Posted 12 months ago on Dec. 12, 2012, 9:09 p.m. EST by arturo
from Shanghai, Shanghai
This content is user submitted and not an official statement
The United States still has the largest and most dense network of commercial banks, 7,000, most of them referred to as community banks; but the hyperinflationary zero-interest-rate policy of Helicopter Ben Bernanke's Federal Reserve is setting them up for a potential wipe-out. The savings and loan banks were largely destroyed in the 1980s after being forced to chase securitization investments and profits, as shadow-banking outfits stole the U.S. mortgage market from them. Now the community banks are facing the same potential fate.
A Dallas-based banking data firm, BankRegData.com, has published a report showing that smaller commercial banks (defined here as those with $20 billion or less in assets) had (in Septempber 2012) 13% more securities on their books than a year earlier, and 9% less in loans. They were largely acquiring mortgage-backed securities. Securities are now about a quarter of the total assets of this size-category of banks.

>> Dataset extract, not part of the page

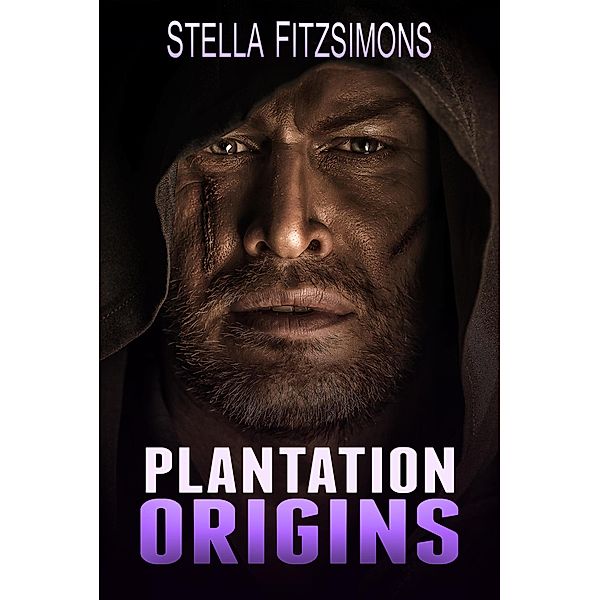 Plantation Origins (The Plantation, #6) / The Plantation, Stella Fitzsimons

But for smaller banks, the picture was worse. For banks below $5 billion in assets, securities holdings jumped 17% in a year and loans fell 16%. Among those below $500 million in assets, securities holdings rose 24%, and constituted 30% of total assets as of September.

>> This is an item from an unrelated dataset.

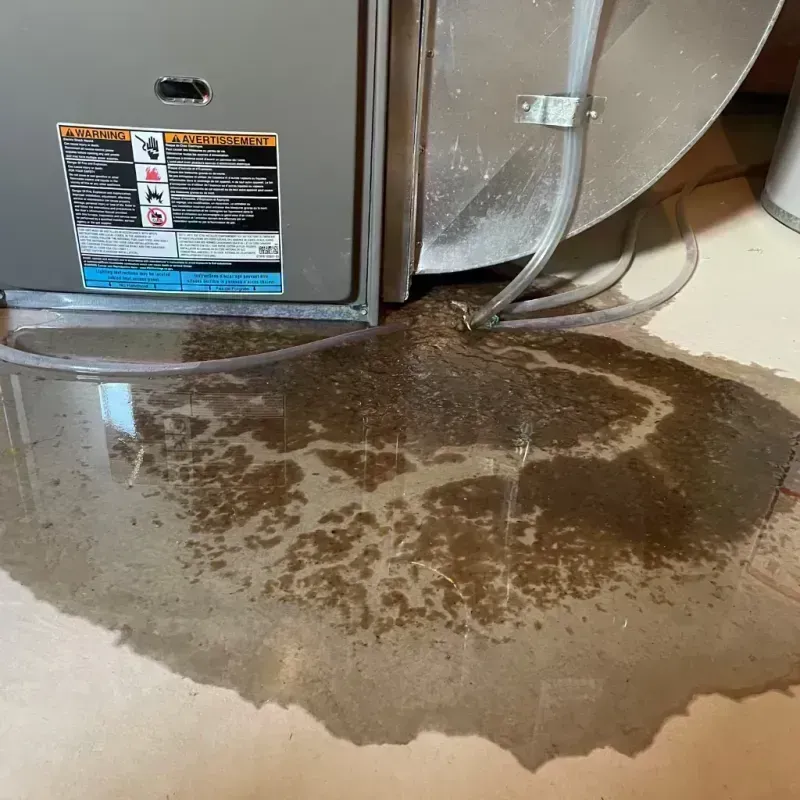 Appliance Leak Cleanup in Eureka, MO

The cause of this is the Federal Reserve's zero-interest policy, and the fact that big banks have lower capital- acquisition costs than smaller ones now (a reversal of the historic norm), due to the bailout policy and Dodd-Frank regulatory favoritism. Smaller banks can't compete on loans, which are now very unprofitable, and loan demand is low. One consultant is quoted, "Community banks can't compete with the big boys on price. Super-regional banks are throwing out 10- and 15-year loan products in the 3% range, and it's really hard for the community banks to compete with that."
So the smaller the bank, the bigger the appetite for securities speculation that has taken hold. This practice, which holds great danger for the banks and their customers, is what Glass-Steagall was legislated to prevent.
This is the kind of speculation which, when increasingly engaged in by the S&Ls, led to their wipe-out in the late 1980s. It is also the way that the London-run carry trade has destroyed the domestic banking systems of countries like Brazil.